Shortly before Hillary Clinton took office as secretary of state in January 2009, she and her team decided to set up a server in her home in Chappaqua, N.Y., to power a private email address she would use to conduct government business for the duration of her tenure.
First reported in March, the revelation of her practices has dogged her campaign for the Democratic presidential nomination and prompted investigations by the FBI and in both houses of Congress. It’s a complicated story involving several prominent figures and at least one international organization. To keep track of all the threads, here is a round-up of what we know — and a few things we don’t.
Q: Did classified information appear on the server?
A: Two government inspectors general, one from the State Department and one from the intelligence community, say it did have classified State Department information. Media reports also say that classified material from other government agencies, as well as from foreign governments, has been identified in those emails, including information gleaned from satellite images and talk of foreign troop movements. According to reports, there are at least two instances of "top secret" information included in the emails, with one citing "a special review" by the Central Intelligence Agency and National Geospatial-Intelligence Agency. Some of that information is "born classified," meaning it would automatically need special handling regardless of markings, J. William Leonard, a former director of the U.S. government's Information Security Oversight Office, told Reuters. The State Department also marked information that was redacted in several emails as "B1," which means it is ultimately classified to protect national security.
The State Department insists that, because of frequent disagreements between agencies as to the status of information, it “would be premature” to conclude that information that needed to be treated as classified passed through the server.
Clinton aides and surrogates have argued that classification schemes are inconsistent between and within agencies and are overly broad.
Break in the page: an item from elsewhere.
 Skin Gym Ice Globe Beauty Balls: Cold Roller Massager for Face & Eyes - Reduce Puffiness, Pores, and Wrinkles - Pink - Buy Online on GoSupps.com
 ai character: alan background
They say that following classification markings is the important thing.
Q: Was any information marked as classified at the time Clinton sent or received it?
A: Clinton and her lawyers say none was, and so far, no emails that have been released bear such markings.
Q: Does that mean she and the aides aren't responsible for possible classified content?
A: It depends. As Michael Mukasey, a U.S. attorney general under President George W. Bush, noted in a Wall Street Journal op-ed in August, laws prohibit people from knowingly keeping "classified information … at an unauthorized location." Doing so unknowingly could be a different story — if indeed that is what the aides with whom Clinton communicated did. On the other hand, employees with the kinds of clearances that the aides who sent or received the messages in question are also expected to spot likely classified information and to be on guard against paraphrasing it in a non-classified communication.
Q: Was the server ever hacked?
A: We don't know. Private servers are considered more difficult to protect, in general, than the ones big email hosts like Google use.
Q: Is Clinton under criminal investigation?
A: No. The FBI is investigating whether sensitive information was mishandled in connection with the emails. The Department of Justice has said the investigation is not criminal and Clinton is not a specific target.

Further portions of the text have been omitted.